PCOR score: GLC score of the top ranking prediction over the sum of the scores of the top 10 ranking. Noramlized to [0, 1] via quantile transformation. Called the PCOR score (partial correlation score) as GLC scoring is based on partial correlations. Higher GLC scores for a feature tend to results from a combination of i.) more database matches and ii.) stronger partial correlations For the PCOR score, we are seeking to capture how dominant the top prediction is compared to other predictions for that feature.
LSI score: Local Simpson's Index measuring the diversity of subclass predictions among k-nearest neighbors in UMAP space of the GGM. Based on the assumption that GGM structure encodes lipid class. We expect that nearest features have the same lipid class.
Product score: Product of PCOR and LSI scores, quantile-scaled to [0, 1].
The quality scores should be interpreted as the higher the score, the higher the GLC prediction confidence for that feature.
However, note of caution, these quality scores are dataset specific and cannot be directly compared across datasets.

Source code in src/glc/quality_scores.py

class QualityScorer:

    """
    Compute quality scores for features based on prediction confidence and
    local neighborhood consistency in UMAP space.

    The following scores are computed:

    - PCOR score:
        GLC score of the top ranking prediction over the sum of the scores of the top 10 ranking.
        Noramlized to [0, 1] via quantile transformation.
        Called the PCOR score (partial correlation score) as GLC scoring is based on partial correlations. 
        Higher GLC scores for a feature tend to results from a combination of i.) more database matches and ii.) stronger partial correlations 
        For the PCOR score, we are seeking to capture how dominant the top prediction is compared to other predictions for that feature.

    - LSI score:
        Local Simpson's Index measuring the diversity of subclass predictions
        among k-nearest neighbors in UMAP space of the GGM.
        Based on the assumption that GGM structure encodes lipid class. We expect that nearest features have the same lipid class. 

    - Product score:
        Product of PCOR and LSI scores, quantile-scaled to [0, 1].
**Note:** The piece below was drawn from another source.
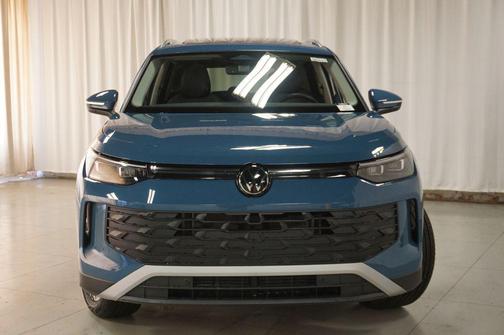 Monterey Blue Pearl 2026 Volkswagen Tiguan 2.0T SE 4MOTION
    - The quality scores should be interpreted as the higher the score, the higher the GLC prediction confidence for that feature. 
    - However, note of caution, these quality scores are dataset specific and cannot be directly compared across datasets.

    """

    def __init__(
        self,
        prediction_dict: Dict[int, List[Tuple[str, float]]],
        embedder_obj: UMAPEmbedder,
        k: int = 5,
    ) -> None:

        """
        Initialize the QualityScorer and compute all quality metrics.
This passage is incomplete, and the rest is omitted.